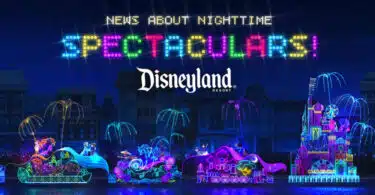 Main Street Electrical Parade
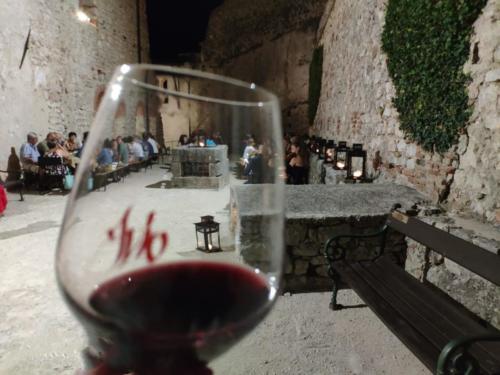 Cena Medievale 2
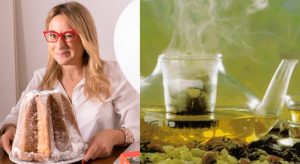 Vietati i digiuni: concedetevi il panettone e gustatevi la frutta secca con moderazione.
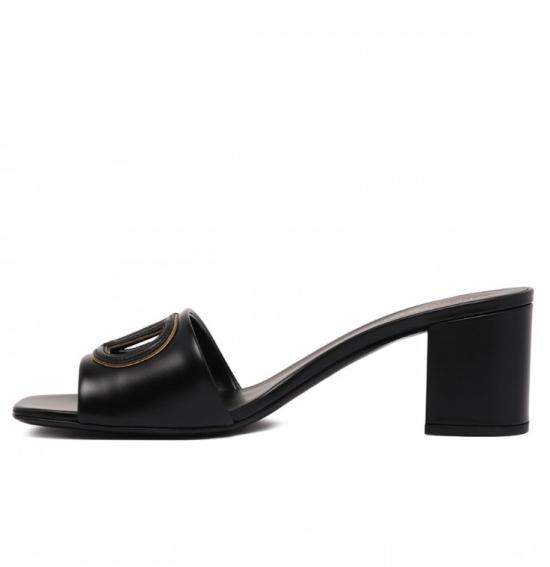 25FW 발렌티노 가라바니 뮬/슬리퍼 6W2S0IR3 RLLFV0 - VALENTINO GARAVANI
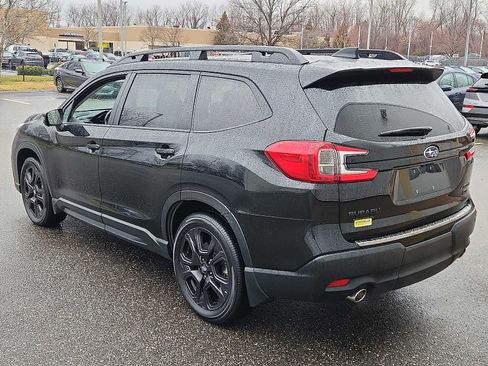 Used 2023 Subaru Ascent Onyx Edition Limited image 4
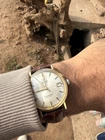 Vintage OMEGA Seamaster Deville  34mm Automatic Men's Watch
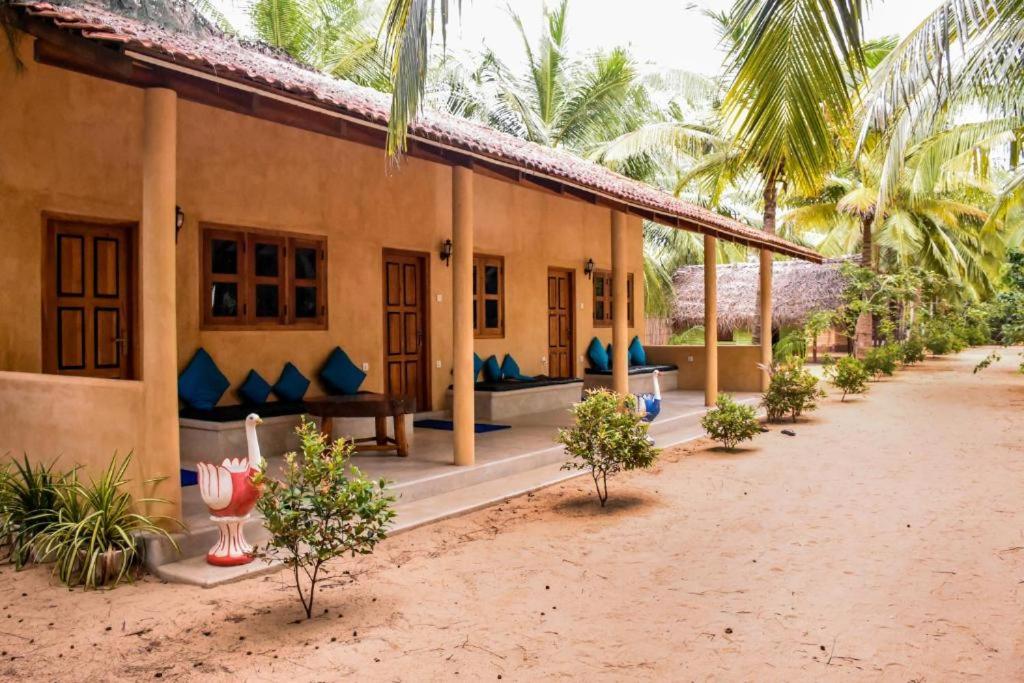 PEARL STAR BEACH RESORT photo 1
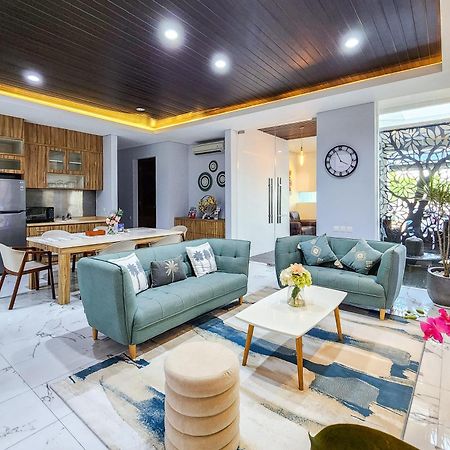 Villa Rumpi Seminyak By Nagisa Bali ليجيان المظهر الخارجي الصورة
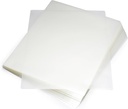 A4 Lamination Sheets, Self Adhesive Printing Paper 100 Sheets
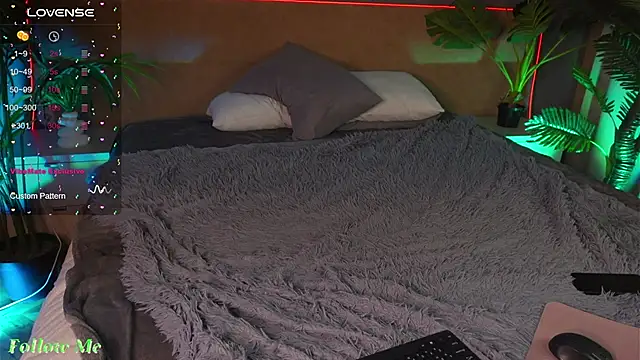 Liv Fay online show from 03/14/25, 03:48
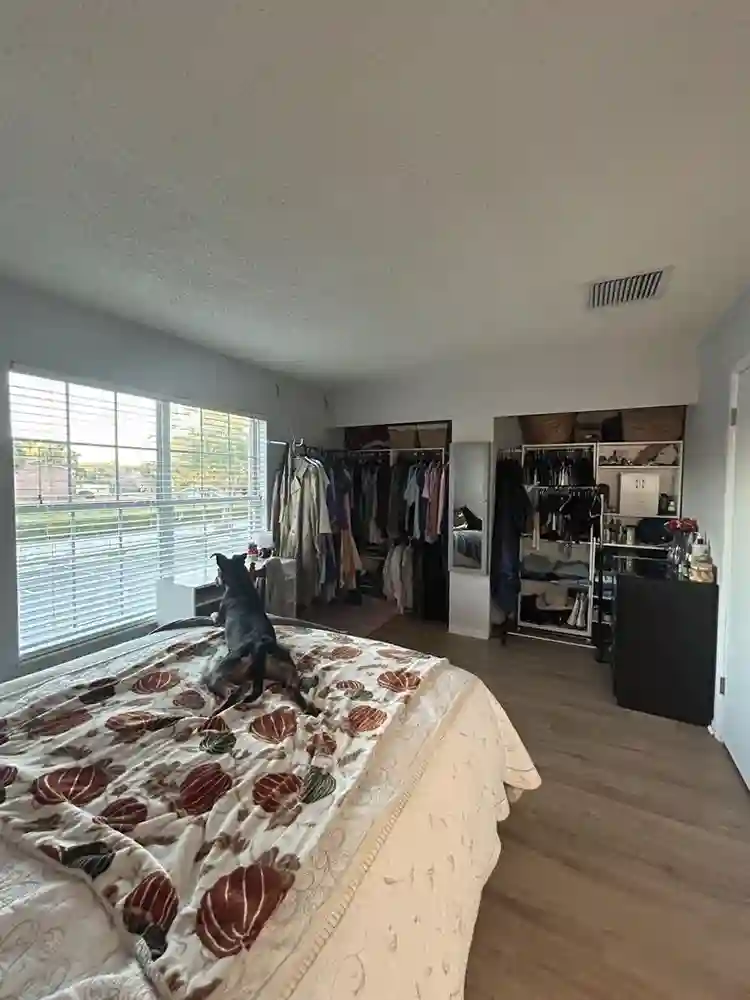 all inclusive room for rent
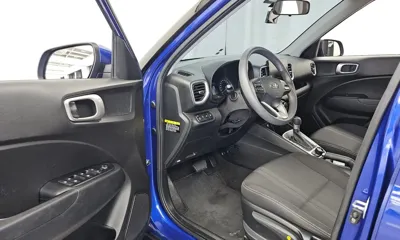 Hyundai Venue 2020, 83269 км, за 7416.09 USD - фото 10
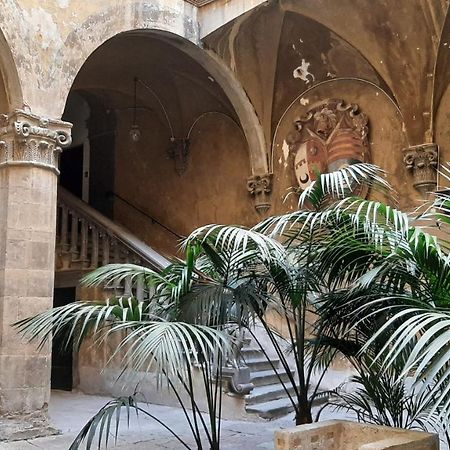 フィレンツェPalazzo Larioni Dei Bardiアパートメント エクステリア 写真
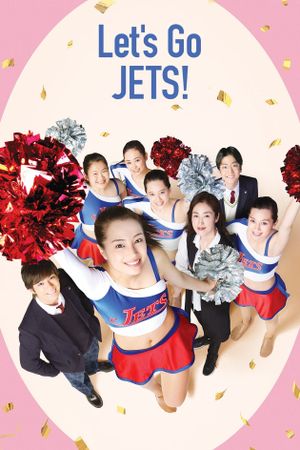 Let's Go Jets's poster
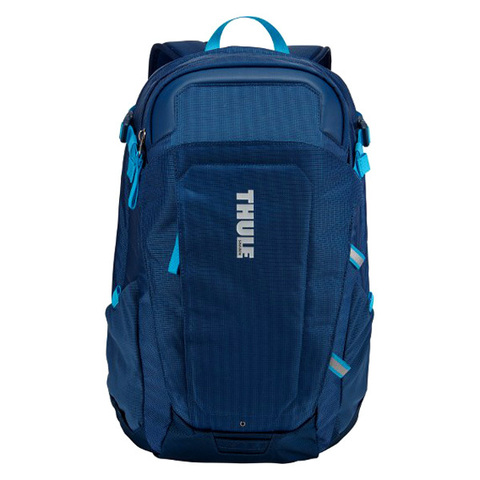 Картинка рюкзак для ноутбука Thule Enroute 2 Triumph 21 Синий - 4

____________________

[Required action]
Begin at the line containing "Villa Rumpi Seminyak" and transcribe exactly every line through the end of the records, both ends included, leaving the pictures out.

[Result below]
 Villa Rumpi Seminyak By Nagisa Bali ليجيان المظهر الخارجي الصورة
 A4 Lamination Sheets, Self Adhesive Printing Paper 100 Sheets
 Liv Fay online show from 03/14/25, 03:48
 all inclusive room for rent
 Hyundai Venue 2020, 83269 км, за 7416.09 USD - фото 10
 フィレンツェPalazzo Larioni Dei Bardiアパートメント エクステリア 写真
 Let's Go Jets's poster
 Картинка рюкзак для ноутбука Thule Enroute 2 Triumph 21 Синий - 4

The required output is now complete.